Rancher Fleet reads fleet.yaml to know where to download the Helm Chart manifest and how to customize the deployment for each target clusters.

Here is the example of fleet.yaml which downloads SD-Fabric(1.0.18) Helm Chart from https://charts.aetherproject.org and then use the overlays/$cluster_name/values.yaml to customize each cluster.

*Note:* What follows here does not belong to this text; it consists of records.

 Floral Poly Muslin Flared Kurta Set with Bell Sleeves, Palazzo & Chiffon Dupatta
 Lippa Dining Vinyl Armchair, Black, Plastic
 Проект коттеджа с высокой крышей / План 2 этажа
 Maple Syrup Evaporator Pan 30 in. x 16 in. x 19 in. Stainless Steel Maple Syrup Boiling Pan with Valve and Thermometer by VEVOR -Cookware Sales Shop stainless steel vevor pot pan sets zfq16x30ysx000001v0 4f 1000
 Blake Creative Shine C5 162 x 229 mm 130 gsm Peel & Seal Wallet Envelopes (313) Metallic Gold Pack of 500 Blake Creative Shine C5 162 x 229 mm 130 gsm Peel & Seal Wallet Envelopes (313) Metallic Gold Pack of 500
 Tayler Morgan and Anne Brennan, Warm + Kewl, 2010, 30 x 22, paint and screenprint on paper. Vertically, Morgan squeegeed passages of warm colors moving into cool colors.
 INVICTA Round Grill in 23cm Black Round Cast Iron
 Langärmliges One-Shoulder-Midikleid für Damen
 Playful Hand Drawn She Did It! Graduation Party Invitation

# SPDX-FileCopyrightText: 2021-present Open Networking Foundation <info@opennetworking.org>

defaultNamespace: tost
helm:
releaseName: sdfabric
repo: https://charts.aetherproject.org
chart: sdfabric
version: 1.0.18
helm:
   values:
      import:
      stratum:
         enabled: false
targetCustomizations:
- name: dev-sdfabric-menlo
   clusterSelector:
      matchLabels:
      management.cattle.io/cluster-display-name: dev-sdfabric-menlo
   helm:
      valuesFiles:
      - overlays/dev-sdfabric-menlo/values.yaml
- name: dev-pairedleaves-tucson
   clusterSelector:
      matchLabels:
      management.cattle.io/cluster-display-name: dev-pairedleaves-tucson
   helm:
      valuesFiles:
      - overlays/dev-pairedleaves-tucson/values.yaml
- name: dev-pdp-menlo
   clusterSelector:
      matchLabels:
      management.cattle.io/cluster-display-name: dev-pdp-menlo
   helm:
      valuesFiles:
      - overlays/dev-pdp-menlo/values.yaml

values.yaml used to custom your sdfabric Helm chart values and please check SD-Fabric Helm chart to see how to configure it.

ONOS App

For the ONOS application, the most import configuration is network configuration (netcfg) which is environment-dependent configuration and you should configure it properly.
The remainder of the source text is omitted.